Dr. Simmons lost it and smiled despite his desire to present a stern, professional image. J.J. Hart was a character if he ever met one.
Jennifer could not believe the cheek of this child. She was definitely Jonathan’s issue.
“Get going, Girlie.” She said taking her by the shoulder and moving her toward the door. “Thank you, Dr. Simmons for the time that you take with this future resident of Juvenile Hall.”
“Not a problem, Mrs. Hart. In fact, it’s been my distinct pleasure. Parents like you make my job easier.”
Amused, Dr. Simmons watched as mother and daughter left his office.
________________________________________________
“Jennifer, you’re actually going to send her all the way out east just because she was late to a class?”
“Jonathan, I’m sending her out east to keep from killing her. She’s absolutely horrible lately. She thinks because she’s J.J. Hart she can do anything she wants and it should be acceptable to all concerned.”
“Well, isn’t it?” He asked, getting a sharp look from her in return.
He sat on the window seat as she changed out of her suit.
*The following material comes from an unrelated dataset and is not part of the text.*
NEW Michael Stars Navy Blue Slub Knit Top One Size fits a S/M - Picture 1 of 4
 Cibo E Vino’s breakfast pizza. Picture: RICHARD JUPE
Although he was delighted to have her home early from her trip, he had been dismayed to find that she had intercepted the school’s call. Usually Marie got the calls and relayed the messages to him. Occasionally one got past her to Jennifer and this had been one of those times. J.J. could be heard downstairs practicing the major and minor scales on the piano. She only did that; repeating them over and over as she was down there doing, when she felt anxious. He knew that the prospect of a week with her grandfather was worrying for her indeed. And a week without seeing that little girl was no less upsetting to him.
Jennifer walked over to him in her slip and placed her hands on his shoulders. Looking into his eyes, she spoke to him, hoping that maybe she could make him understand this time.
“Jonathan, you do this. Burgundy boots; did she really need those?”
She shook her head at him in exasperation still looking into his eyes.
He shrugged his shoulders, giving the weak defense, “She said that she didn’t have that color and she needed them.”
Jennifer rolled her eyes at him and continued, “Honestly, you’re putty personified! You don’t see anything wrong in anything that she does. She has your ways, which isn’t a bad thing, except that J.J. is a girl with an ego like a boy. She’s a smart girl and she’s clever, and those are two very different things. In combination, they can be very frightening things. I love her just as she is, but all that she is must be tempered or else at some point she’s going to be a girl out of control. Everyone likes her and caters to her. Nobody gets upset with her. She can do no wrong. The world is her oyster and her ego is being fed to the point of obesity.”
He put his hands about her waist feeling her shapely, taut body through the thin fabric. She was in fantastic shape for a woman her age. Looking down at her flat midsection, he recalled the fascination he felt and the enjoyment he got from placing his cheek next to her growing abdomen, feeling J.J. as she moved inside of her mother all those years ago. Knowing that their love had resulted in that brilliant child downstairs made J.J. all the more precious to him.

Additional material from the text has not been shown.